── GIVEN ENTRIES ──

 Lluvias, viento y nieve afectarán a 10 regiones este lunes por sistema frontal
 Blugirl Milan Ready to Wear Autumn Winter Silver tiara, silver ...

───
── GIVEN ENTRIES ──

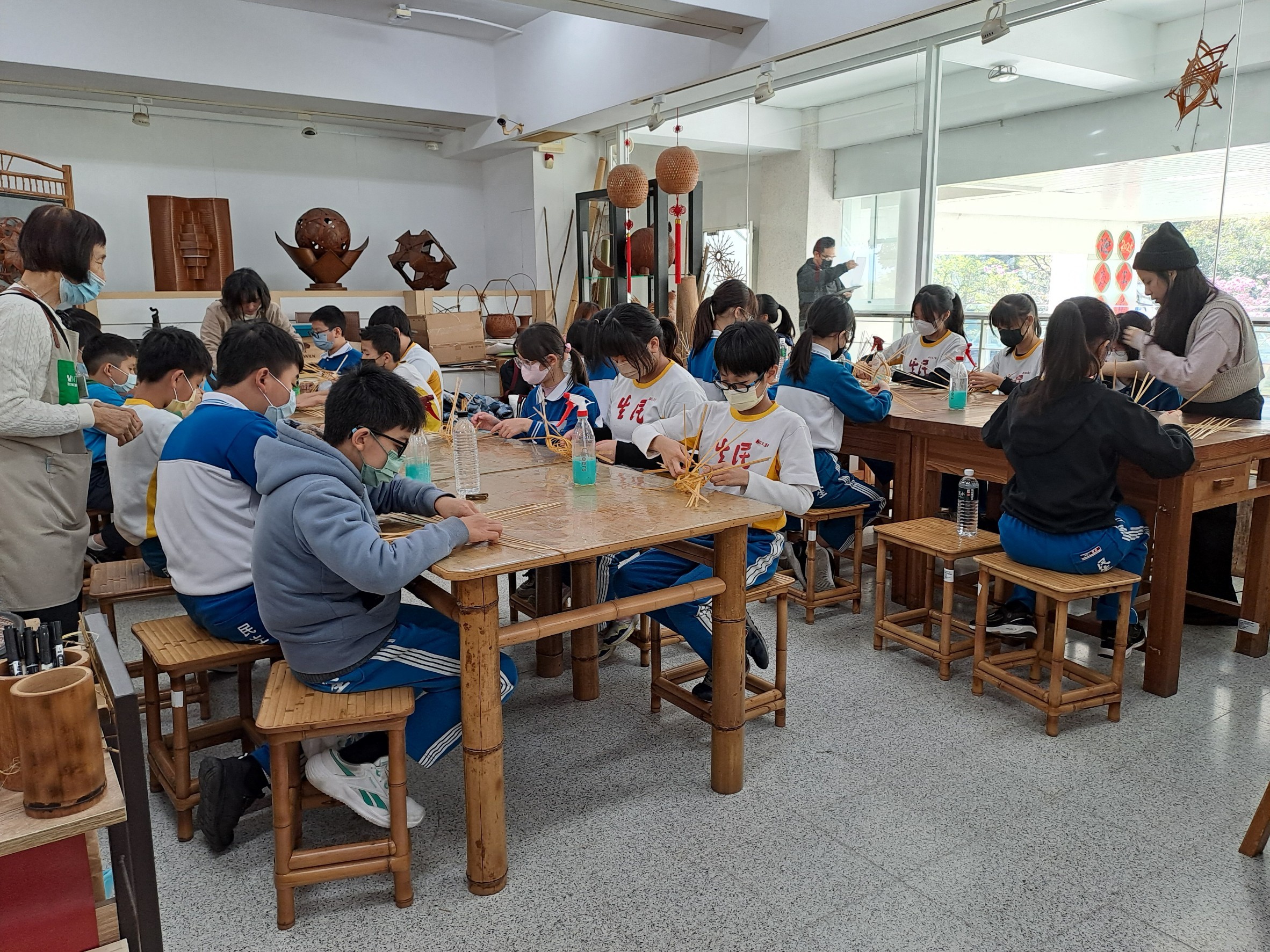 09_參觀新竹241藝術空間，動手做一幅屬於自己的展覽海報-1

───

EXERCISE BRIEF:
Look above for the line holding "Lluvias, viento y" and the line holding "Blugirl Milan Ready", then output exactly those two lines and every line between them, nothing more.

TASK RESULT:
 Lluvias, viento y nieve afectarán a 10 regiones este lunes por sistema frontal
 Blugirl Milan Ready to Wear Autumn Winter Silver tiara, silver ...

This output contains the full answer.